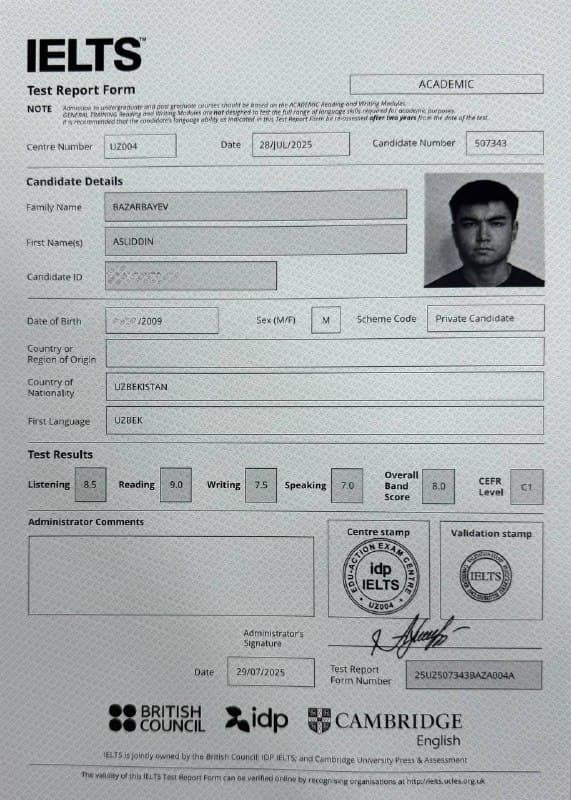 Asliddin Bazarbayev — IELTS Test Report Form
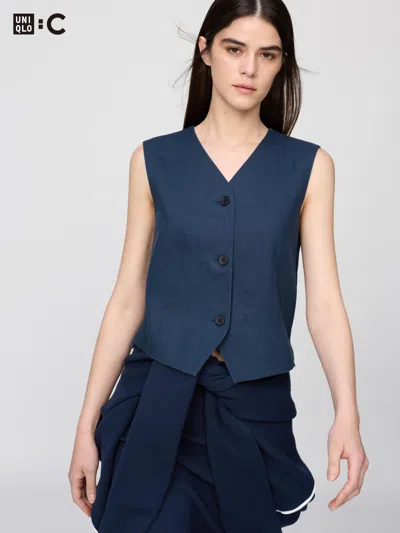Uniqlo Women's Premium Linen Vest Blue Large  Us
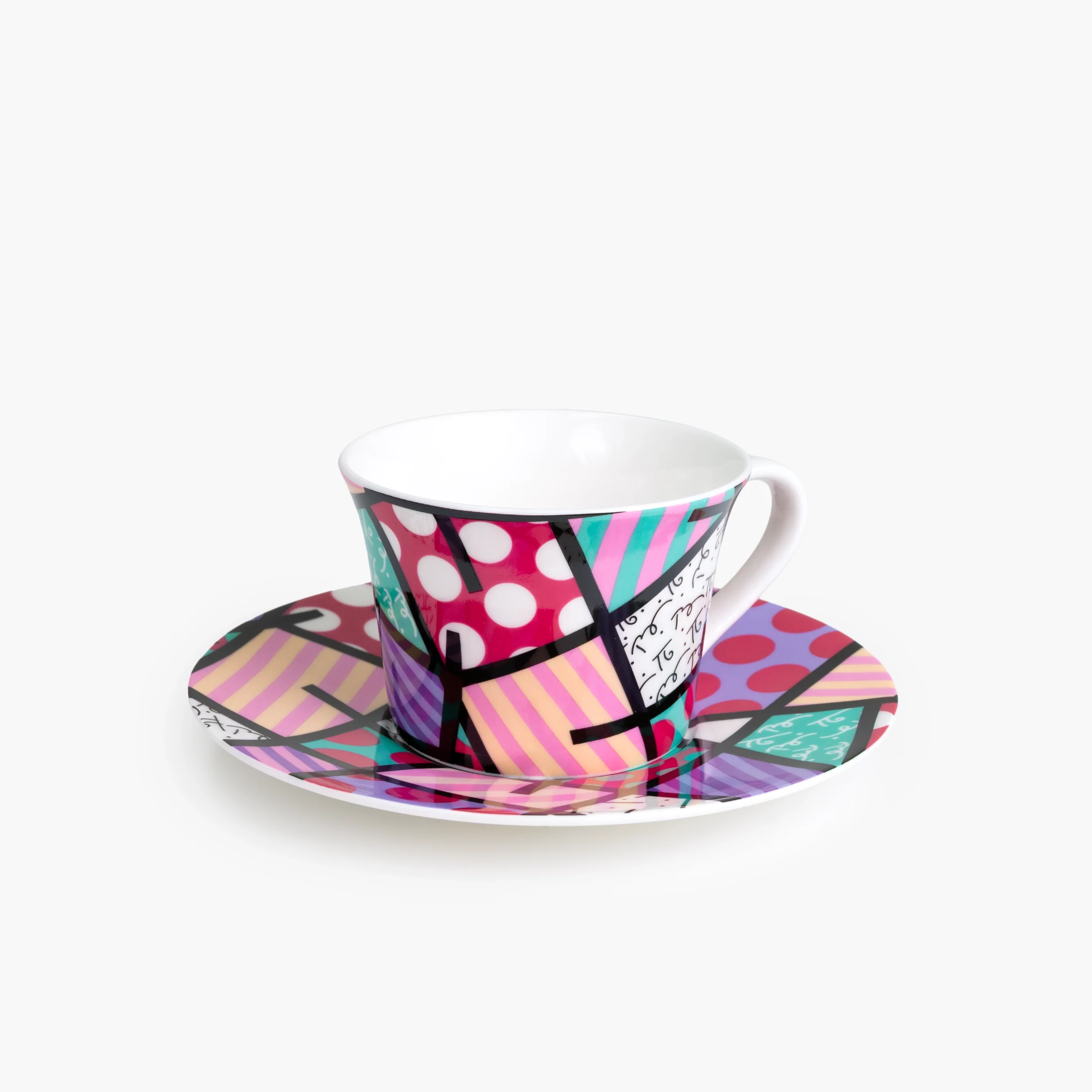 Pink Teal Landscape Britto Tea Cup & Saucer Plate
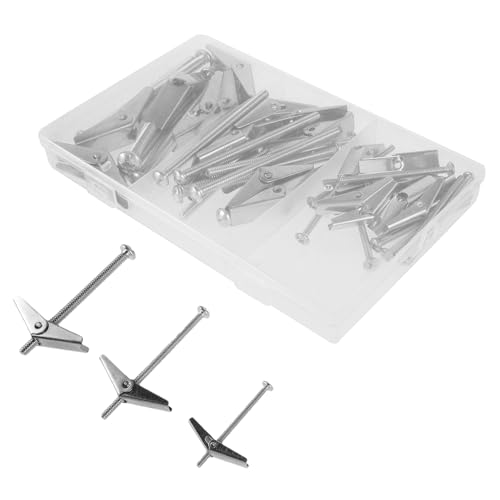 KICHOUSE Drywall Anchor Kit 24pcs Heavy Duty Toggle Bolts Galvanized Iron for Easy Installation Removal
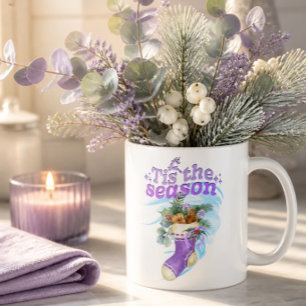 Taza De Café Medias de Navidad de acuarela de lavanda
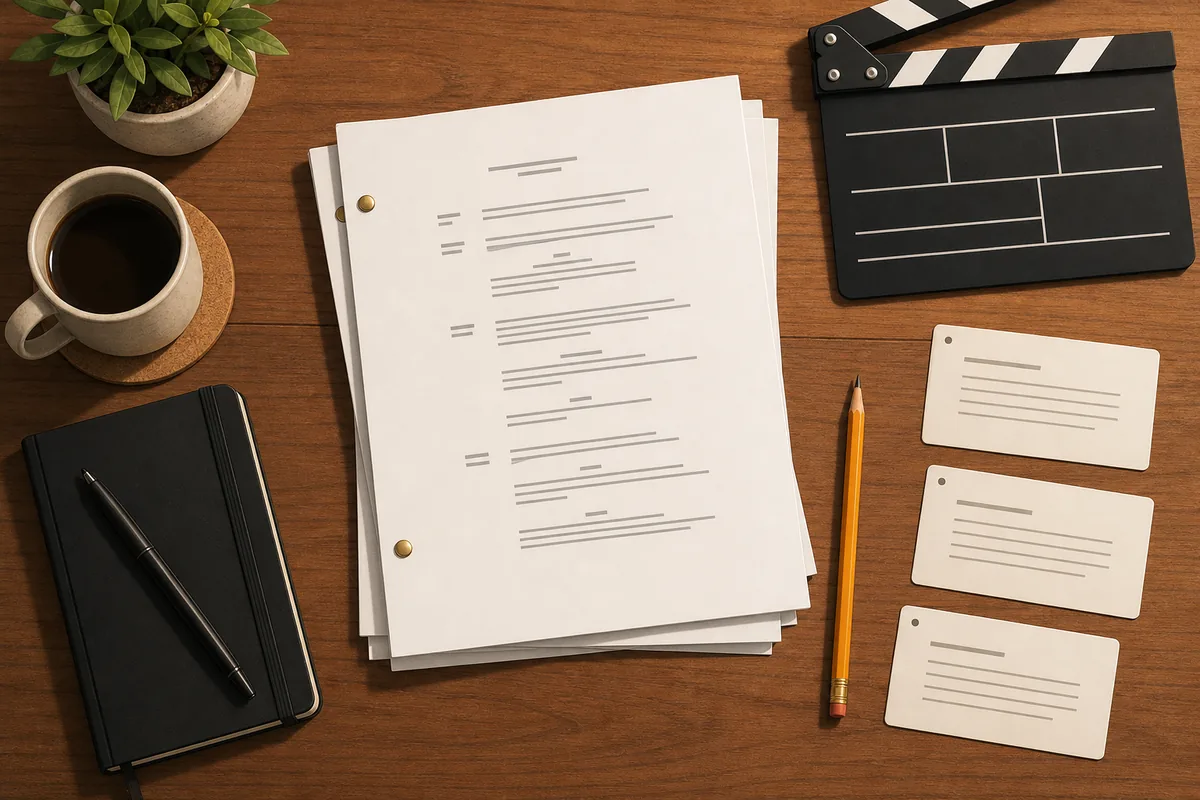 Organized desk with screenplay pages, scene cards, pencil, and clapperboard for a movie script template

What you will do —
Return the data above in its exact wording, with none of the pictures.

Response to this exercise —
 Asliddin Bazarbayev — IELTS Test Report Form
Uniqlo Women's Premium Linen Vest Blue Large  Us
 Pink Teal Landscape Britto Tea Cup & Saucer Plate
 KICHOUSE Drywall Anchor Kit 24pcs Heavy Duty Toggle Bolts Galvanized Iron for Easy Installation Removal
 Taza De Café Medias de Navidad de acuarela de lavanda
 Organized desk with screenplay pages, scene cards, pencil, and clapperboard for a movie script template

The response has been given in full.